I’ll update posting as new Errors occur … :wink:

2 Likes

FWIW, I am also seeing this error when using an Ansible playbook to update. In our case, we have a proxy server involved, so the logs would be… messy. I’ll see what I can get into a useful format.

1 Like

We are getting following error in some 1-2% of renewals since couple of days. Not sure if this is the same error:

Attempting to renew cert (www.somedomain.sk) from /etc/letsencrypt/renewal/www.somedomain.sk.conf produced an unexpected error: HTTPSConnectionPool(host=‘acme-v02.api.letsencrypt.org’, port=443): Max retries exceeded with url: /directory (Caused by SSLError(SSLError(“bad handshake: SysCallError(104, ‘ECONNRESET’)”,),)). Skipping. All renewal attempts failed. The following certs could not be renewed: /etc/letsencrypt/live/www.somedomain.sk/fullchain.pem (failure)

1 Like

Just had a quick look about how many % of the Requests fail …

On 08.10.2019 we had 70 Requests in total, 17 of them failed … so we get those failures at about 1/4 of all Requests … more than I initially thought … :-/

1 Like

Thank you everyone for all details and information! It’s really appreciated and helpful for us to know more of the scope. We’re still investigating a root cause as a high priority issues.

2 Likes

Hi folks!

Thanks for all the help troubleshooting and patience!

We have found a couple places that were causing at least some errors and fixed them.

  • Added additional frontend proxy capacity.
  • Lowered our frontend proxy keepalive timeout to be less than our firewall session timeout.

Let us know if you are still seeing problems.

6 Likes

Hey @andygabby,
thx for the Feedback & hopefully the Solution to this Problem! :wink:
Today no Errors so far … if Errors occur I will report back!
thx, bye from sunny Austria
Andreas

Update 10.10. - 18:05 (MESZ - UTC+2): Still no Errors so far
Update 11.10. - 09:52 (MESZ - UTC+2): Still no Errors so far
Update 14.10. - 23:19 (MESZ - UTC+2): Still no Errors so far

3 Likes

3 posts were split to a new topic: SSL Handshake failure

I was able to workaround this problem by adding a bigger random delay to our lets encrypt handlers, so the cron jobs move away from the full hour mark more.
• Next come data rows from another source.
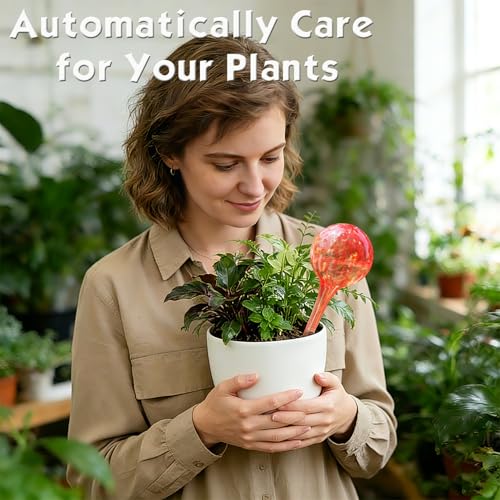 Self Watering Globes for Plant, Large Glass Outdoor Plant Watering Devices - color: 6pcs-Large Size
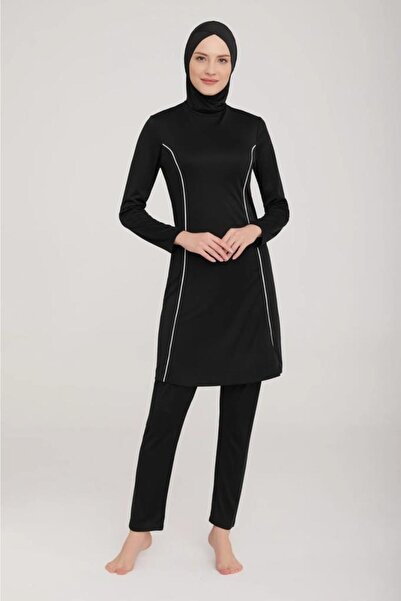 ROZAMAY BirolGaye Rozamay 9021 Μαύρο Lycra Ολόσωμο Μαγιό Hijab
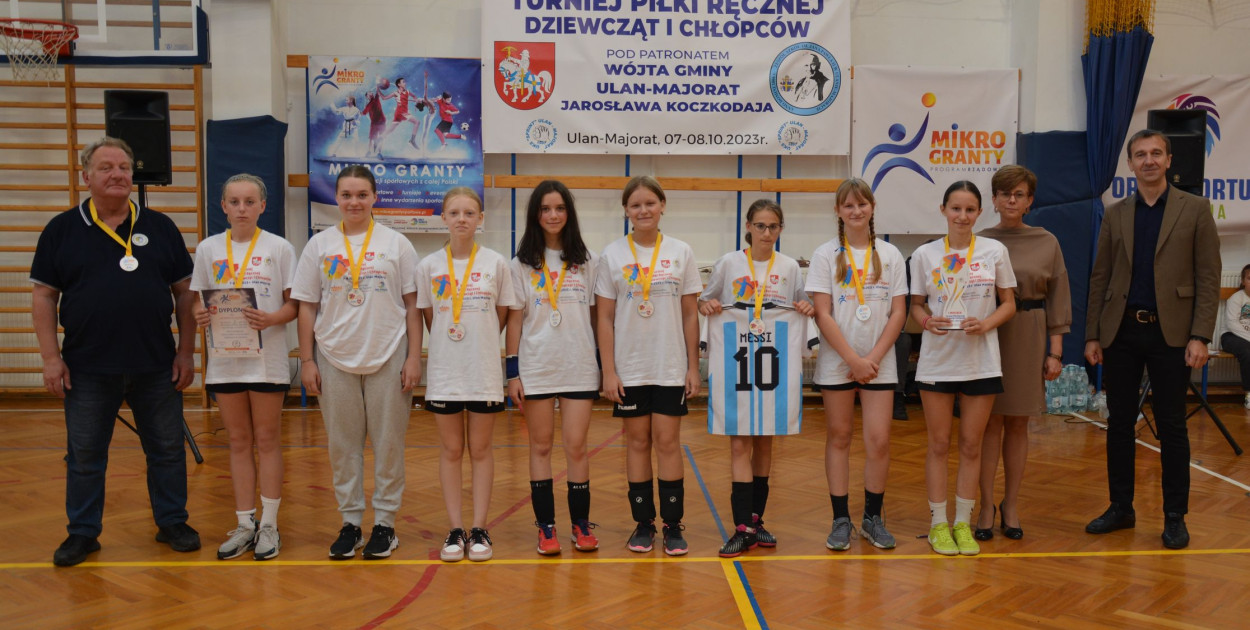 Turniej Piłki Ręcznej Dziewcząt i Chłopców w Ulanie-Majoracie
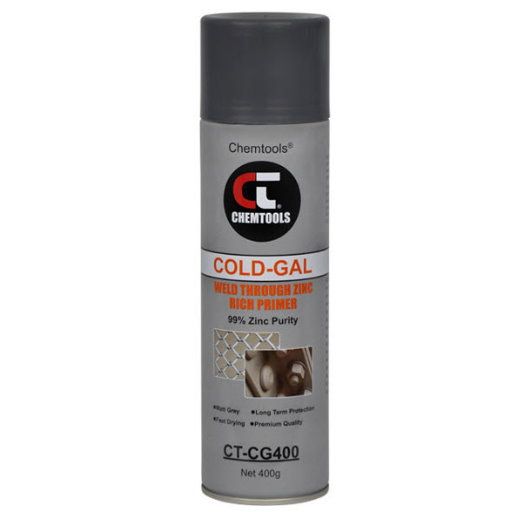 COLD-GALVANISING CHEMTOOLS 400GM AEROSOL - QWS - Welding Supply Solutions
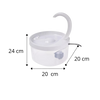 Cat Water Fountain With LED Light And Purification System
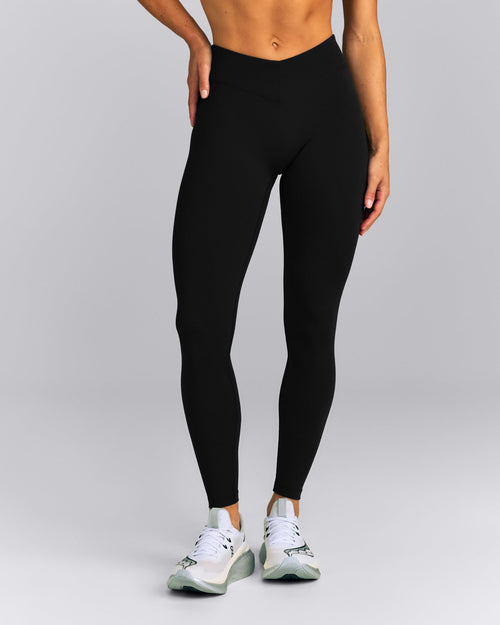 UnifiedMove™ V Front Mid Rise Leggings | Black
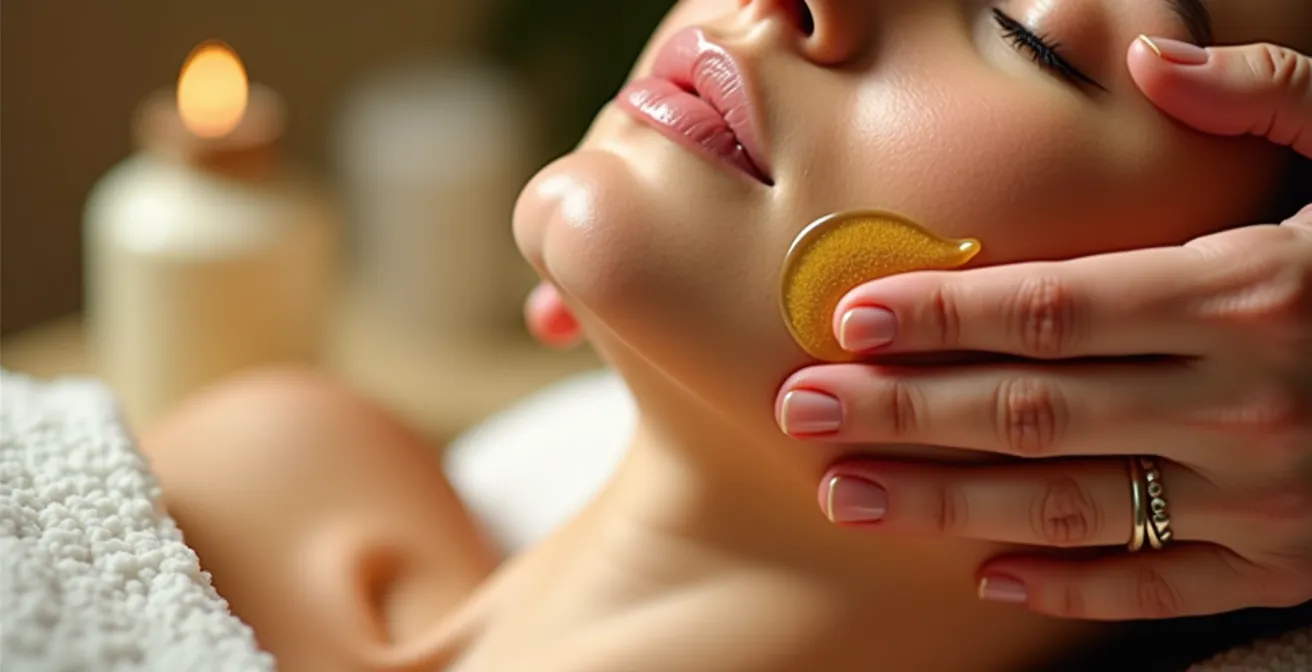 Tecnica di massaggio linfodrenante durante la doppia detersione con olio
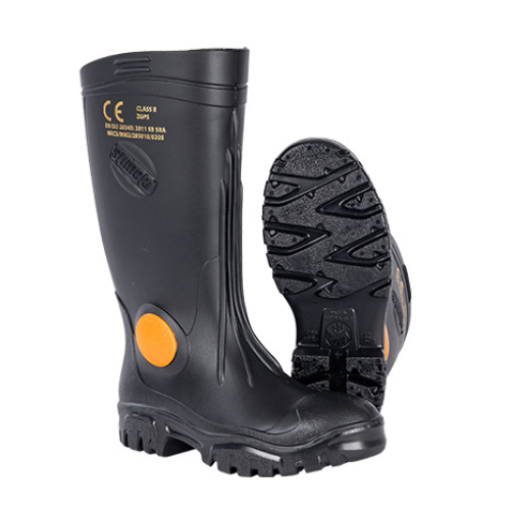 Picture of Neptun Stimela Heavy Duty PVC Gumboot - Black / Black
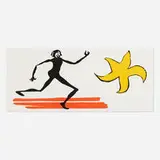 Alexander Calder, Untitled (Star and Figure) (from the Le sacrilège d'Alan Kent suite), 1976, etching and aquatint in colors on Vélin de Rives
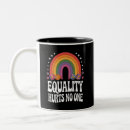 Search for equality mugs Love is love
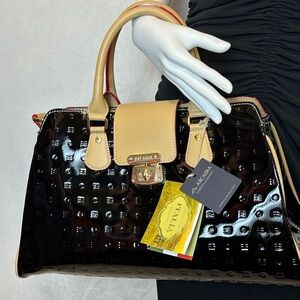 ❤️❤️❤️💘💋🐆HP💕Beautiful Arcadia Satchel made in 🇮🇹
I’m sure you want to fix this on your side too, but maybe something to think about for others to ease the burden on your infrastructure.

1 Like

@mhaecker - our renewals happen completely random, 1.440 Minutes a Day :wink:
Didn’t notice any big correlation with “heavy load” times (See Error Log here: Curl: TCP connection reset by peer)
But since the Changes LE made the Errors are gone, not a single one on our Side … so I guess they got the Prob sorted! :wink: